New Bill Asks Teachers to Publish Curriculum

Recent Colorado legislation sparks controversy

Quinn Rudnick

NEW EDUCATION BILL: Assistant Minority Leader Tim Geitner introduced bill HB 22-1066 to the Colorado House of Representatives on Jan. 14, 2022.

Quinn Rudnick, Managing Editor

A bill recently introduced to the Colorado House by Assistant Minority Leader Tim Geitner would require education organizations to publish school information and resources such as lesson plans, staff information, and records of technology given to students.

HB 22-1066 aims to make all resources, lesson plans, and records concerning technology, like the school computers given to students, completely accessible to the public by requiring schools to post all information on school-wide websites. The bill’s requirements include a published “copy of each survey, nonacademic assessment, analysis, and evaluation distributed to students.”

Conversations surrounding academic transparency are gaining traction, primarily due to the changing dynamic of parents’ relationships with their children’s education. Some parents and taxpayers want a bill like this because they feel there is a lack of transparency in schools right now.

After the bill was introduced, many either came out in support of it or found the bill to be an insult to public education.

“Teachers already have a lot to do to ensure they are enabling their students to take ownership of their learning,” history teacher Craig Clark said. “Requiring another administrative burden would distract from their primary mission.”

In addition to finding the bill a distraction from a teacher’s purpose, others found it an attack upon the school board’s ability to regulate curriculum.

“I won’t be supporting this bill because I believe in local control,” Colorado state Senator Jerry Sonnenberg said via email. “Elected local school boards are where these type[s] of decisions should be made.”

People who support the bill often also want to be involved with how schools are run.
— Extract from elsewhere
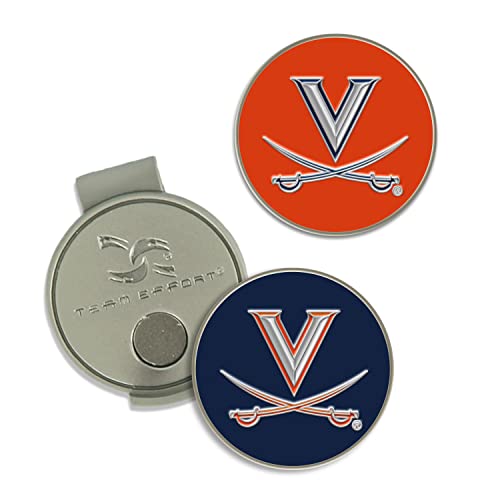 Team Effort Collegiate Hat Clip & 2 Ball Markers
This desire for information sparked approval for the bill, which is actively trying to make the process for parents of students to understand the curriculum their students are being taught.

Some Colorado taxpayers also support the bill because of their desire to understand what’s happening in the schools their tax dollars go to.

“I see this bill as a way to communicate with constituents about what is being taught in the classroom and how it is being taught,” history teacher Adam Nance said. “I feel it is designed to provide community members with transparency as to what is taking place in their taxpayer-funded public schools.”

Others see the bill as a wolf in sheep’s clothing—they believe that though the bill seems like something innocent trying to help Colorado parents understand what their kids are being taught, protesters argue that on a deeper level, the bill could interrupt the teaching of controversial topics. According to its language, the bill would require educators to “adopt a policy concerning the teaching of controversial issues.”

This bill is inspired by discussions about how schools teach complicated subjects such as race, sex education, species evolution, and other topics often complicated by religion and politics. In 2021, 13 states passed laws focusing on a plan to “ban” teachings about critical race theory.

The bill was heard in the Colorado House of Representatives on March 3.